# The Secret, or is it?



## Pollyanna 3098 (Dec 12, 2006)

Has anyone seen or read the book tittled "The secret" ?
I had a look at it yesterday and I am not sure if I buy into the whole "If you think it, it will happen theory"
I am certainly an advocate for positive thinking, but how far can you take it?
Personally think their theory falls over in many ways, if 50% of the worlds population visualised peace etc etc world wide, no war or violence anywhere and the remaining 50% visualized war and violence, what group is going to see their visualizations become reality?

3098


----------



## monnolith (Feb 21, 2007)

I WAS WAITING FOR THIS TOPIC TO SHOW UP

I saw the 2 Oprah episodes (back when I had a GF...) where she interviewed the makers of "The Secret" - and it made sense _to a degree_. I think that a lot of the time, people sabotage themselves (myself included) in what they think they deserve. That's why an abuse victim will have a string of abusive relationships, or a person will continually be passed over for a workplace promotion.

The Secret (TS) does not, however, go anywhere near people who have emotional disorders. What TS does, is promotes the whole "success through positive thinking" mantra - which works... up to a point. It's like if an unhappy housewife who always wanted to go back to school, but never did because she had to take care of the kids/house/chores, if she finally said "that's it, it's time for me to shine!" and then goes back to school. Voilla... that's The Secret. Hardly a secret - more like an inspirational kick in the pants.

I do think that TS can help DPers, tho. Because how many of us have been consumed with either negative thoughts or depressive episodes where we felt we were "on the brink"? An introspective look inside with a "c'mon, all you have to do is make it through today" attitude may help. Of course, _it will not cure DP_, but it may make things a little more bareable. I've done it myself - although not nearly enough - it's tough to see the positive side of things sometimes.

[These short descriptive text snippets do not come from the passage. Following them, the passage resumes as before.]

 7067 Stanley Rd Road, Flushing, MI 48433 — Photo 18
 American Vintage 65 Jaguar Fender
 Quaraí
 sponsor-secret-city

In all, I feel TS works. BUT, and there's always a "but", I also think that it would be best practised with the tandem effort of therapy, meds, or the expectation that it will not magically "make things better", only "better than they now are".


----------



## Martinelv (Aug 10, 2004)

Interesting.

I've always been extremely wary of people promoting 'miracle' cures or whatever. They whiff of something nasty to me. As for positive thinking, there is no doubt that there is evidence that it can have a 'positive' effect on some people. But no more than placebo. If you think about it, that's all homeopathy is. They give you a placebo (absolutely no active molecules) and a few people get better, usually because they really believe in the 'drug'. Ditto with positive thinking. Unfortunately, things like prayer, crystal healing, trantric-whatever, have the adverse effect. I think it's something to do with performance related anxiety.


----------



## CECIL (Oct 3, 2004)

I'll definately bite on this one 

What you are talking about is the idea of creating your own reality. Other names for it include "Magick" (with a K, as in MystiKal ) and intent (as in Shamanism).

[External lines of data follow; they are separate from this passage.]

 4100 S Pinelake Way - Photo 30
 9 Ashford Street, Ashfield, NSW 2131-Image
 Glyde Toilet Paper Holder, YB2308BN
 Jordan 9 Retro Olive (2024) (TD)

I can go into the "metaphysics" (more like spirituality) side of how it works if you want, but for now I'll just give a basic run down.

Yes, the power of positive thinking and belief DOES work. Right now we are ALL creating our own realities as we go. Most of us do it subconsciously. We do it on all scales - intrapersonal, personal, interpersonal and on social and global levels.

But it is possible to take conscious control of this process and create a reality that YOU want and that YOU enjoy.

*If you push intent or energy out into the world, you will create whatever it is you intend.*

However, there are a few catches, which other people have mentioned:

1. First of all, you have to actually believe it. If you are "just giving it a go" yet, like Martin, you have strong beliefs that it WON'T work, then the more powerful intent will prevail. Because? You guessed it - you create your own reality. The reality that you will create is one in which intent does not work.

2. It not only works consciously but also SUB-consciously. What does that mean? Similarly to point 1 - the stronger intent will prevail and conflicting intents will conflict. For example, you may harbour a subconscious belief that you do not deserve to be rich. Using this positive thinking process, you will project the intent to become rich. It may work for a while because your positive intent will be stronger than the negative. But if you stop projecting the positive intent, thinking "The ball will just keep rolling now", then your negative intent will take over and send you crashing back down to poverty, or whatever state you fundamentally believe you deserve.

This is similar to the abused woman syndrome. Deep down she believes she deserves to be in abusive relationships and so on. By thinking positively she may see immediate improvement, but if she doesn't keep projecting that intent then she will fall back into old habits.

This will also leave a bitter taste in your mouth and you will probably end up being well against said positive thinking.

There is a way around this however! That is, you must ALSO remove your negative intents and beliefs, so that they do not counteract your positive intent. This can be done through a variety of self-healing methods, counselling and so forth.

3. Your ego is naturally reluctant to give up its control over your life and to begin believing in "the supernatural". If you try to start too large, your ego will automatically shut you down, as if to say "Don't be stupid, that will never work". In that case, you are dead in the water and your intent cannot work.

For this reason, you have to start very small and with things that have no impact whatsoever on your life. For example the intent "I will see a black cat today" is a good place to start. Whether or not you see a black cat has no bearing on your life whatsoever and so your ego will not shut it out as a possibility.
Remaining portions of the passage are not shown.